To η = 1, the condition Q2 = 0, ie, heat engine should have one heat source Q1, but this contradicts the second law of thermodynamics.

The reverse process is happening in the heat engine is used in the refrigeration machine.

The thermostat with temperature Т2 deducted the amount of heat Q2 transferred to the thermostat and the temperature T1, the amount of heat Q1.
Q = Q2 - Q1 < 0 so A < 0.

Without doing the work can not take away the heat from a hot body, and at least give it a warmer.
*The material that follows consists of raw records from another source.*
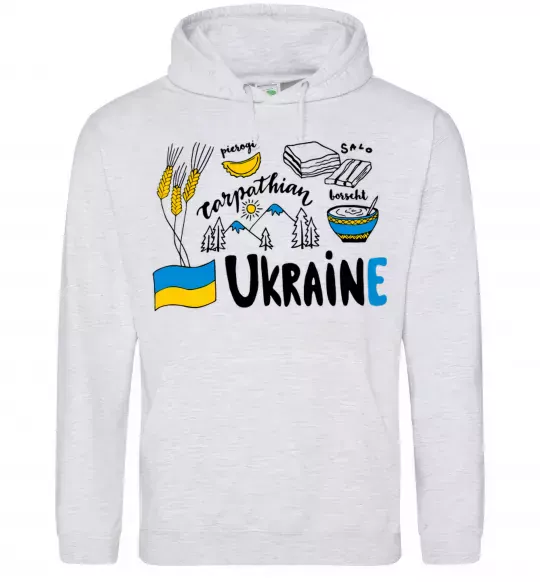 Чоловіча толстовка (худі) Ukraine symbols Сірий меланж фото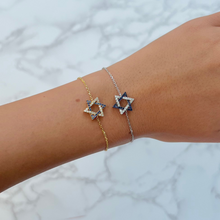 14K GOLD DIAMOND SAPPHIRE STAR OF DAVID BRACELET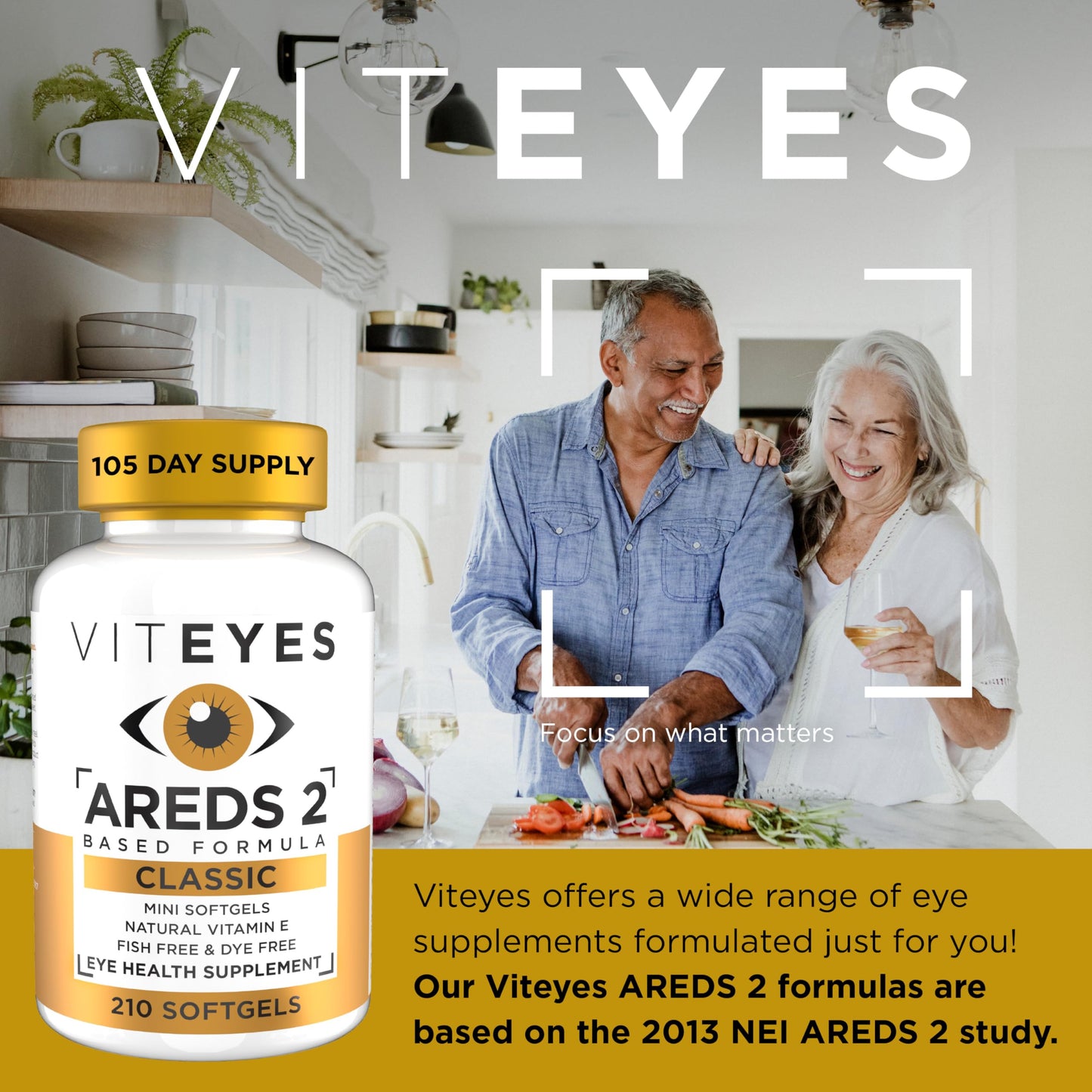 Viteyes AREDS 2 Classic Macular Health Softgels – Low Zinc, Beta-Carotene Free, 210 Softgels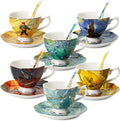 BTaT- Tea Cups and Saucers, Set of 6 with Spoon, 8 oz, Fine Porcelain Teacup Set with Gold Trim for Afternoon Tea, Weddings, Parties & Gifting, Dishwasher Safe, Lightweight, Non-Toxic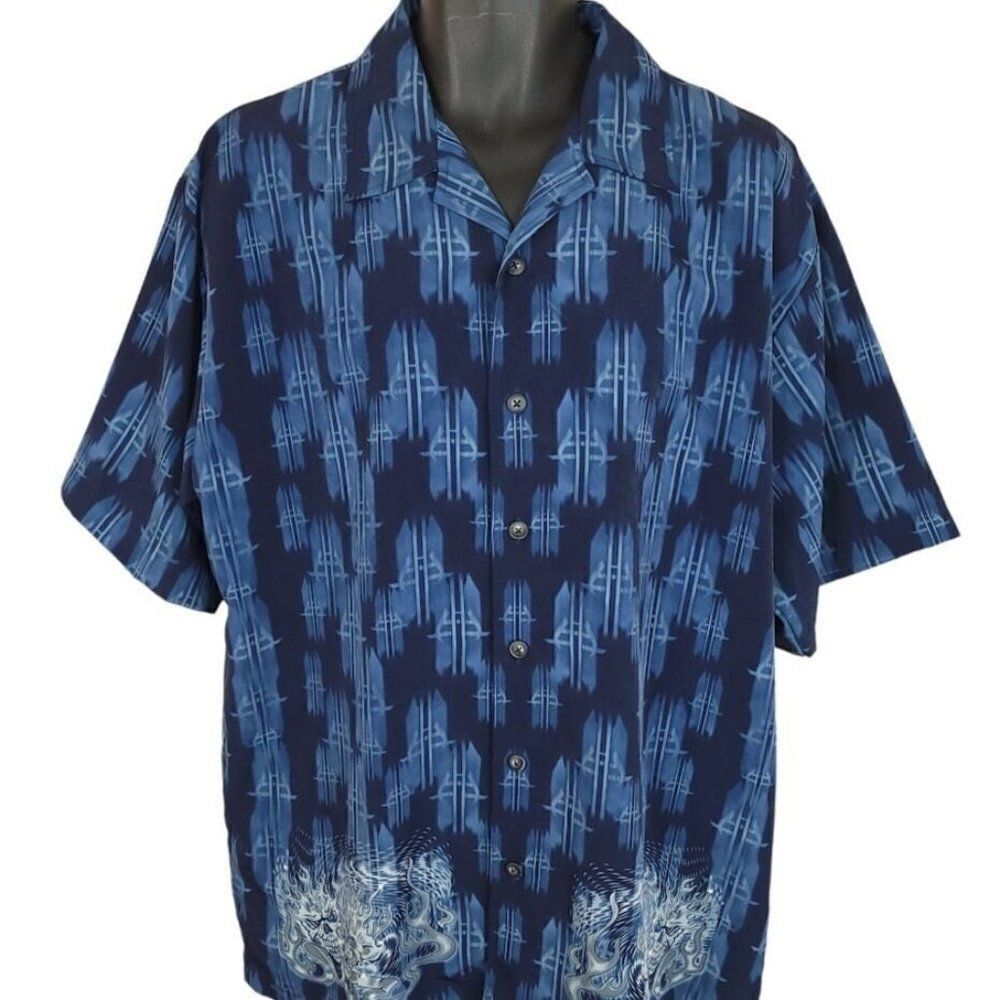 Anchor Blue Camp Shirt Vintage 90s Y2K Skulls Flames All Over Print Mens Large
Based on the second law of thermodynamics, Carnot led theorem.
Carnot's theorem: From time to time all heat engines operating with the same heater temperature (T1) and refrigerators (T2), the highest efficiency have a reversible machine. Efficiency reversible machine with equal T1 and T2 are equal and do not depend on the nature of the working fluid.

Working body - the body to make circular process to exchange energy to other bodies.
Carnot cycle - the most economical reversible cycle consisting of 2 isotherms and 2 adiabats.

1-2-isothermal expansion at T1 heater, gas is supplied to the heat Q1 and work is done

2 - 3 - adiabats. expansion, the gas does work A2-3 > 0 on external bodies.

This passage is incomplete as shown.